Aircraft medical facilities are also equipped with medic enhancement sets that enable advanced monitoring and interventions,” he said. “We have a disparity between that and our on our ground vehicles and on the air vehicles ISR encounter ISR is critical to fires.” ISR is shorthand for intelligence, surveillance and reconnaissance.
The colonel said another consideration learned from the war in Ukraine is that the standard Army ambulances are inadequate.
He said one example is a batch of 40 Army ambulances donated to Ukraine in 2018.
“All of them were destroyed the first week, and this is really what’s informing our modernization efforts for the protective wheel ambulance,” he said. “It’s unknown if this was a direct target or if this was collateral damage, but the result is the same.”
Fricks said Futures Command is developing a new protected-wheeled, armored and fast ambulance. This new ambulance would have to replace the M997A, the tactical High Mobility Multipurpose Wheeled Vehicle, or Humvee, ambulance. “We’re still fielding the 997A3 which was a billion-dollar modernization effort for which we’re not going to be able to use it during the LSCO.”
The colonel said for him, LSCO is an evacuation problem that must be solved, using the lessons from Ukraine, before the Army becomes engaged.
“If the front is as bad as it is in Ukraine as we expect it to be with China, treatment is going to be further to the rear,” Fricks said.
“How do we move those patients? How do we keep them alive en route through overextended distances?” he asked.
“I think a prolonged care is prolonged care in route over two to three-hour rides either in the ground vehicle or track or an aircraft,” Fricks said.
“Currently, China and Russia are completely different when it comes to this maneuver; survivability is dependent upon clearing the battlefield—this is something that we don’t simulate very well in our warfighters.”
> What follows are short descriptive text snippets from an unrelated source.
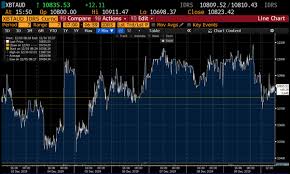 The total number of xrp coins in circulation stands at 45,404,028,640 and $849,653 aud has been traded for the xrp/aud pair across exchanges over the last 24 hours. Aud 77 144 99 Bitcoin Price Btc Aud 77 144 99 Independent Reserve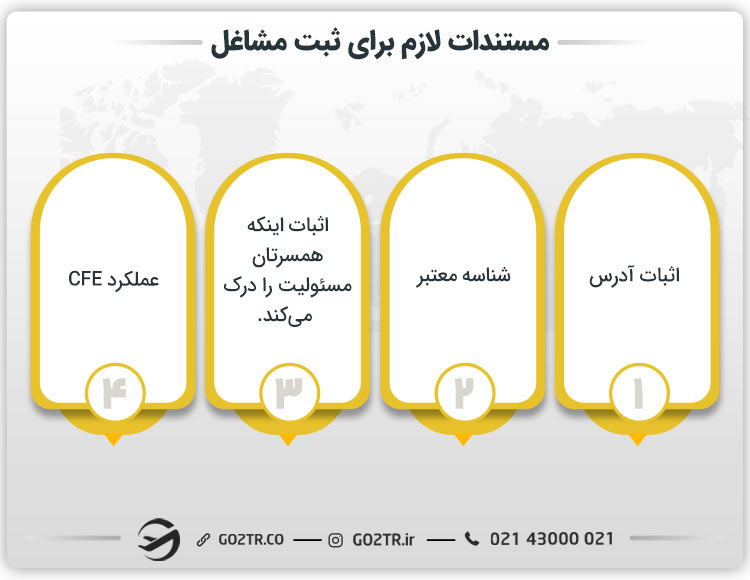 مستندات لازم برای ثبت مشاغل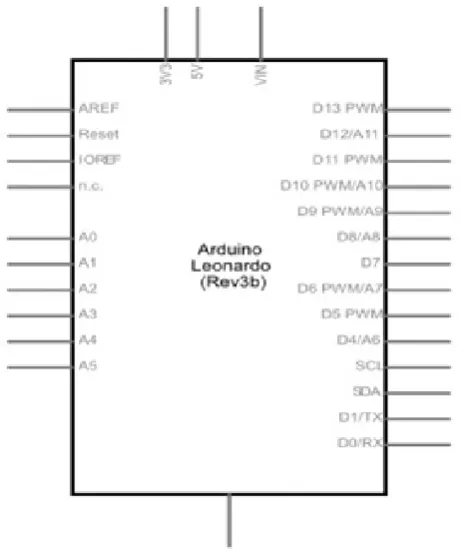 Figure 5. The control unit schematic. 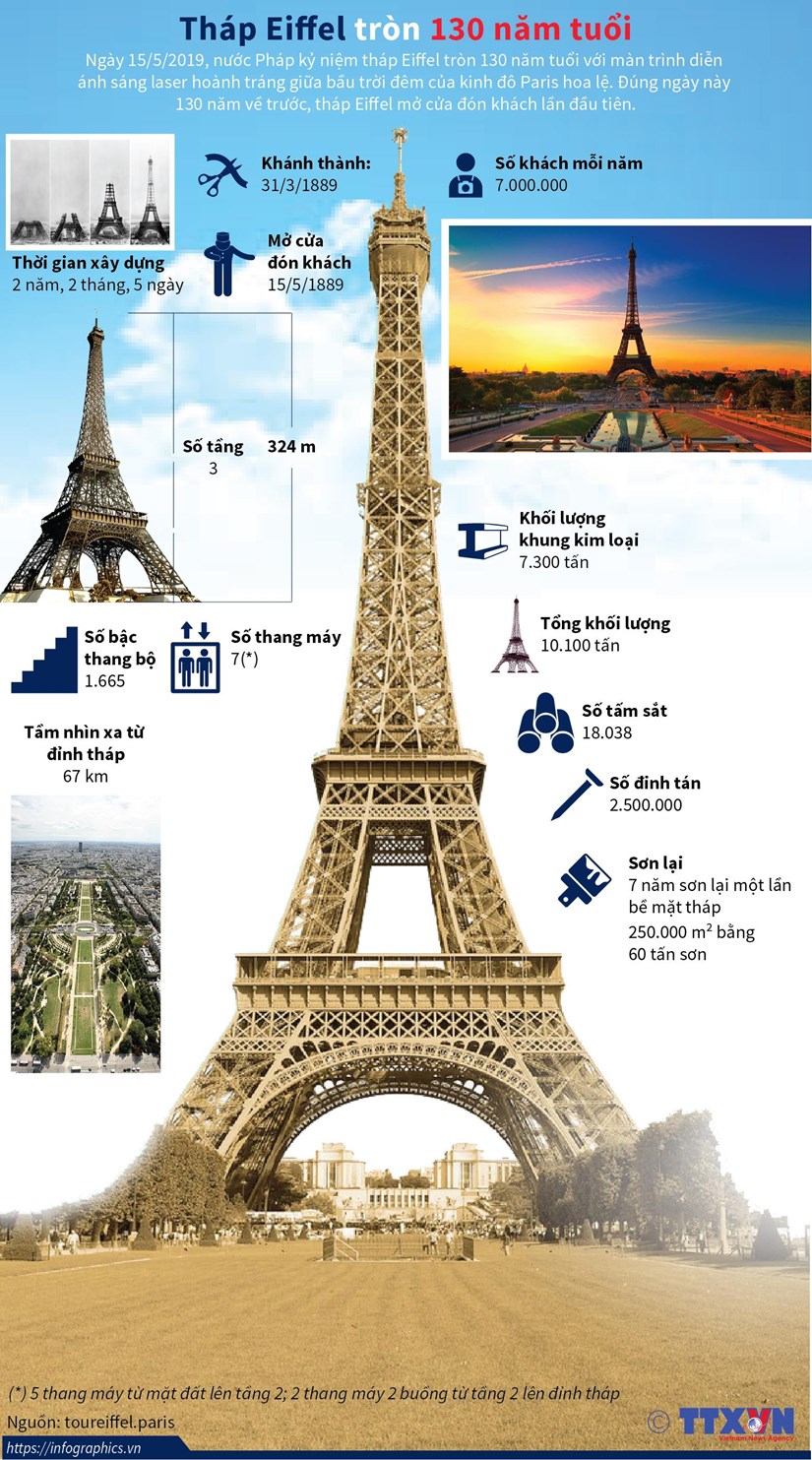 [Infographics] Thap Eiffel - bieu tuong cua Paris tron 130 nam tuoi hinh anh 1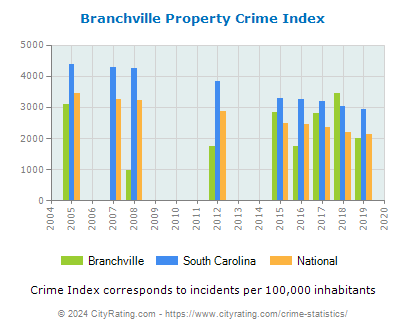 Branchville Property Crime vs. State and National Per Capita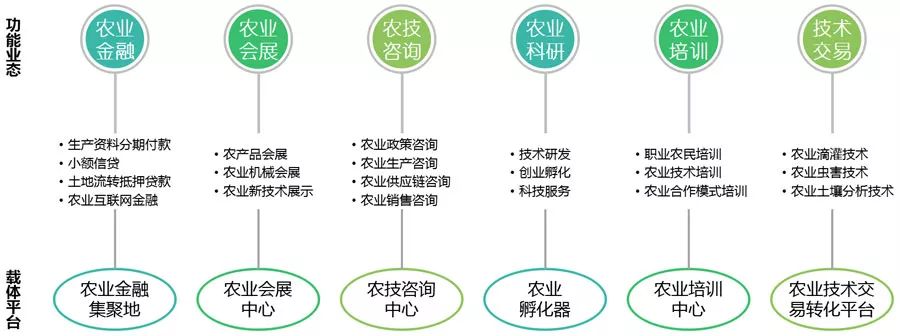 全國政府工作報告中城鄉(xiāng)建設與金融信息咨詢服務的融合與重點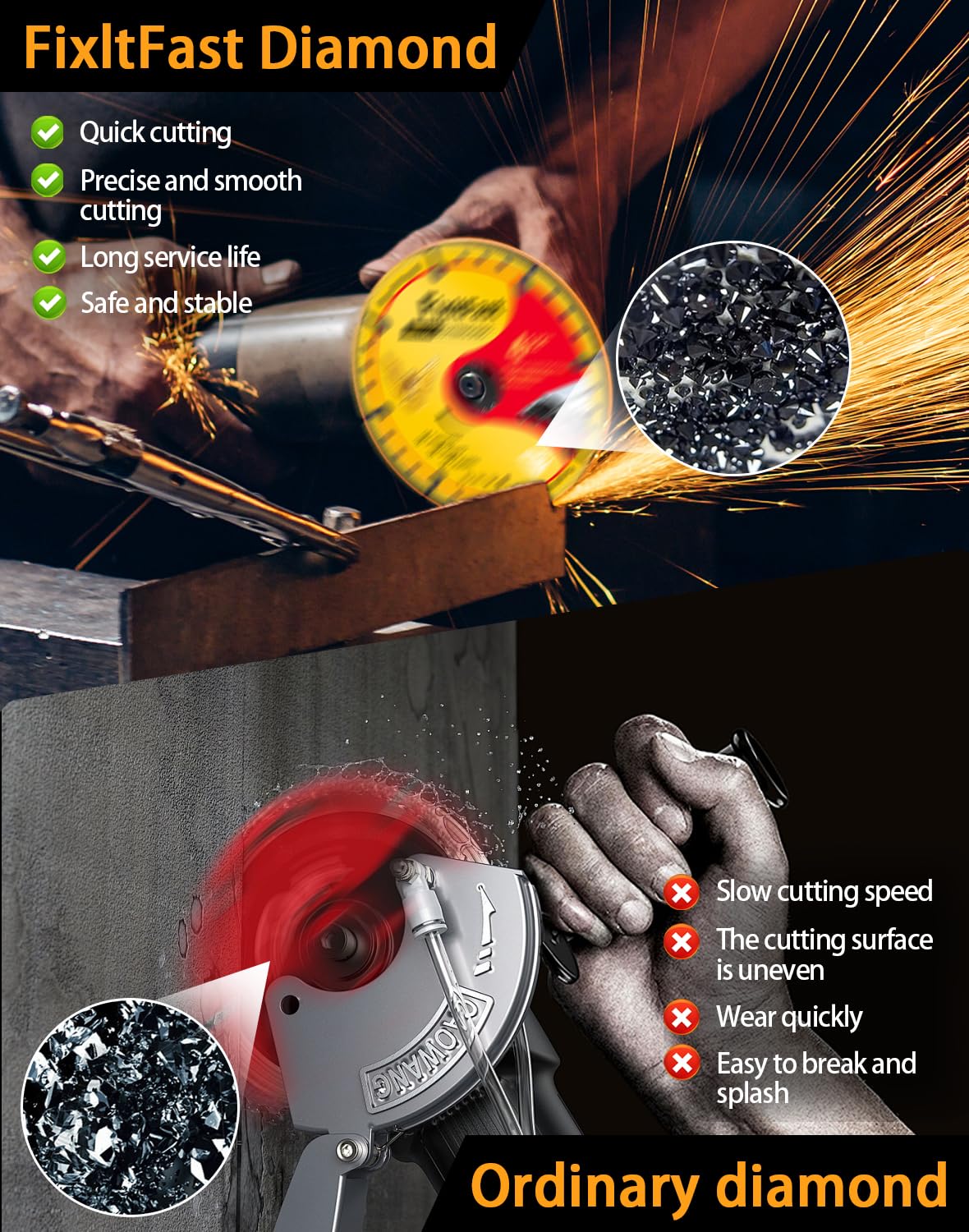 FixltFast diamond metal cutting wheel close-up teeth detail for efficient material removal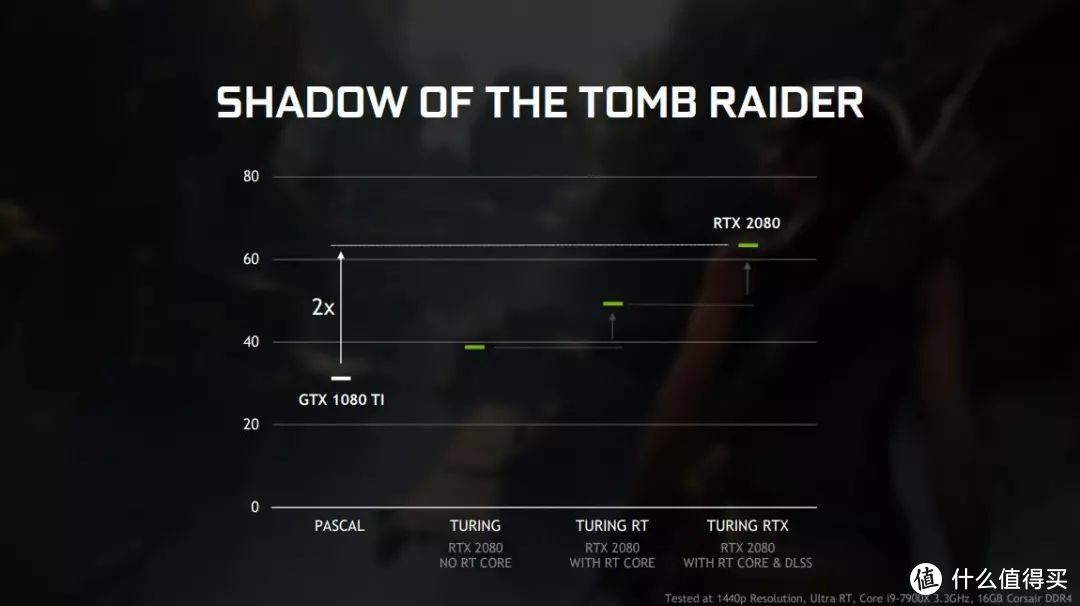 劲爆！NV开放GTX1060以上所有显卡支持光线追踪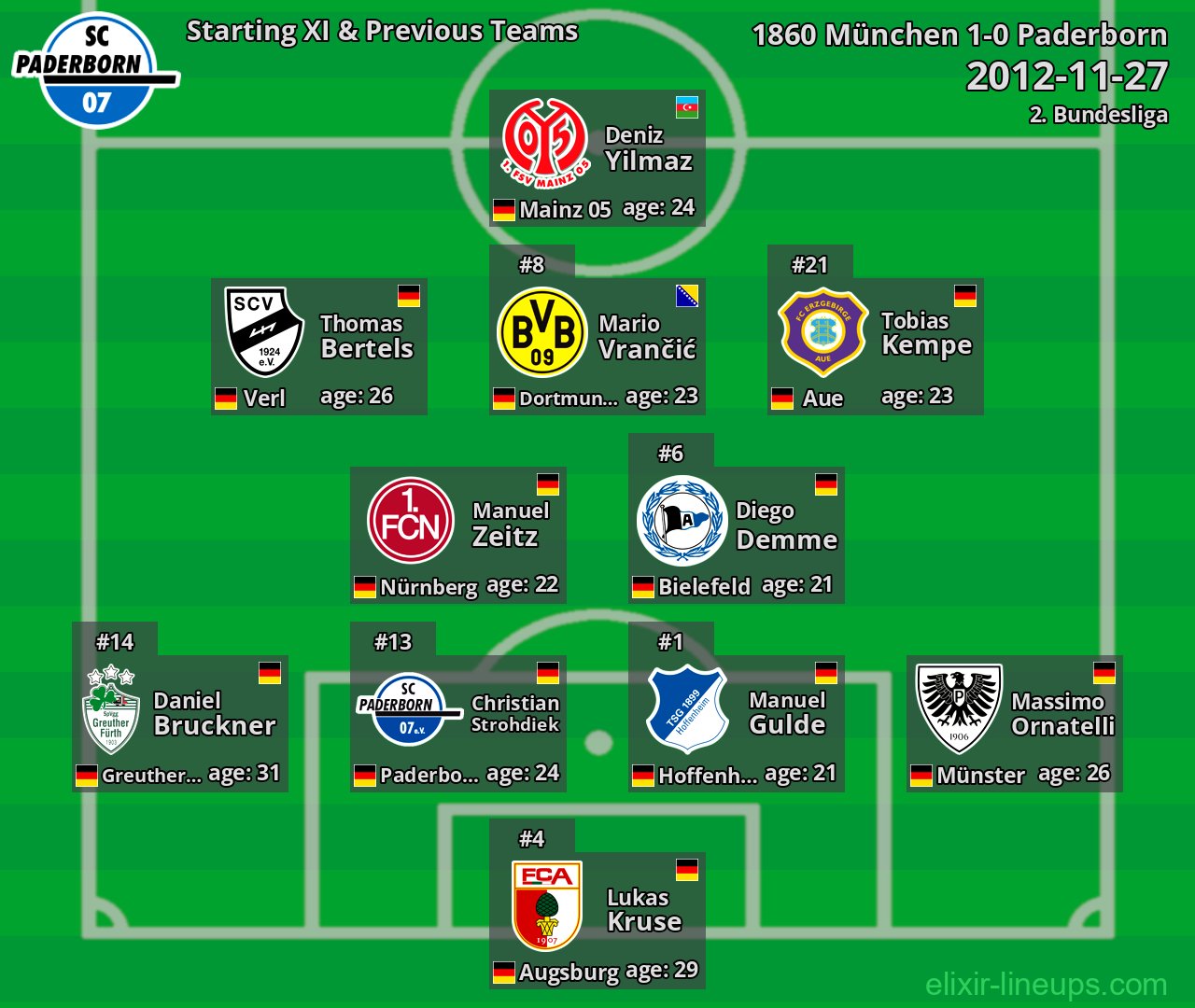 Paderborn Starting XI & Previous Teams 2012-11-27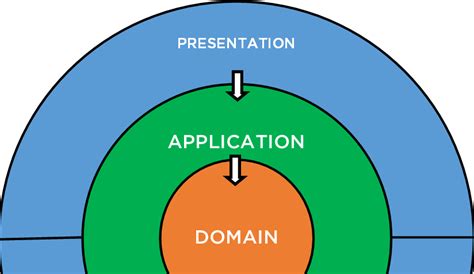 Clean Architecture Project Layout に対する画像結果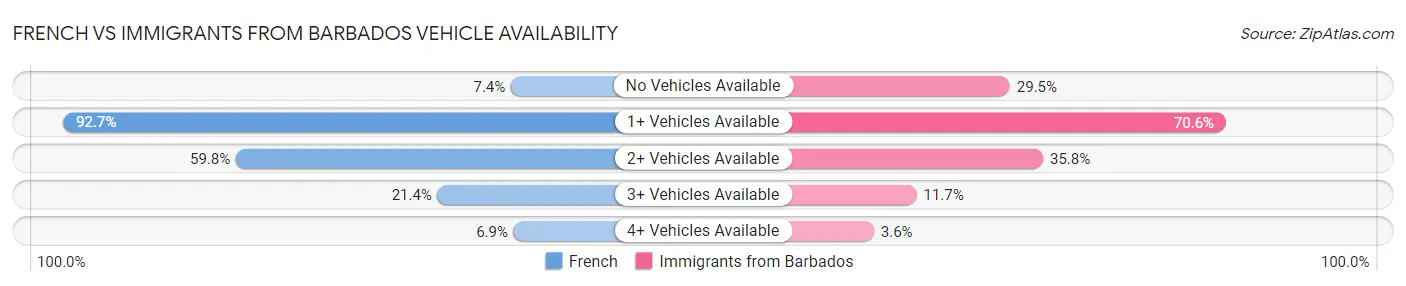 French vs Immigrants from Barbados Vehicle Availability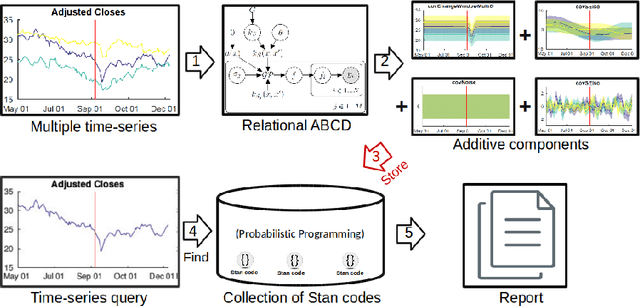 Figure 3 for Automatic Generation of Probabilistic Programming from Time Series Data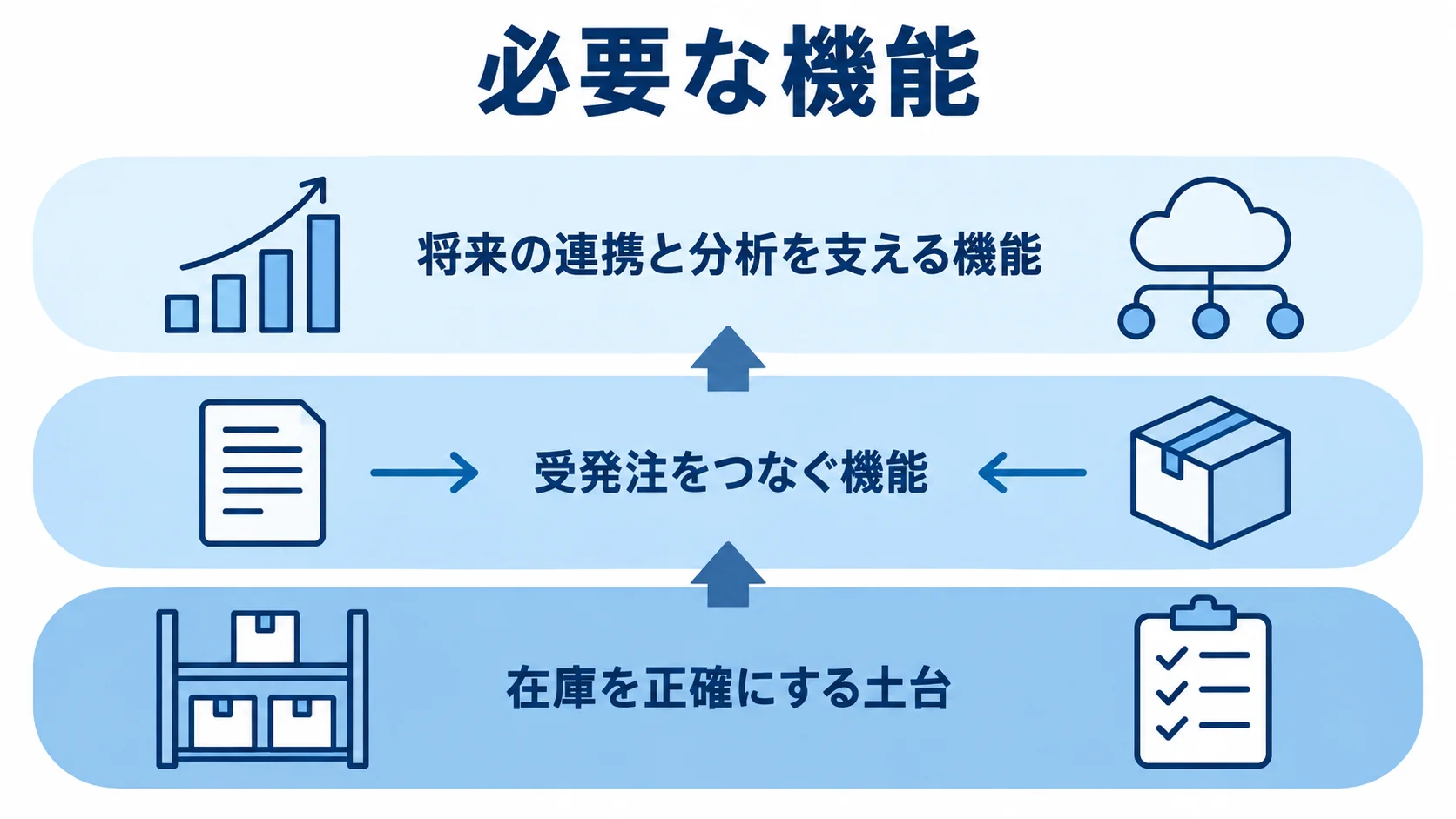 在庫を正確にする土台、受発注をつなぐ機能、将来の連携と分析を支える機能を下から積み上げた図。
The U.S. military is maneuver-centric, the colonel said.
“We focus on maneuver, not necessarily sustainment and medical.”
The Medical Readiness and Training Command, Joint Base San Antonio Fort Sam Houston, Texas, executes mission command over three Medical Training Brigades, which are paired with three Regional Training Sites-Medical. These brigades and training sites train military medical professionals to execute duties across the full range of military operations.
The MRTC, a subordinate organization under the Army Reserve Medical Command, the Army Reserve’s medical training institution, also sponsors the Global Medic Exercises and other collective and individual training events and courses.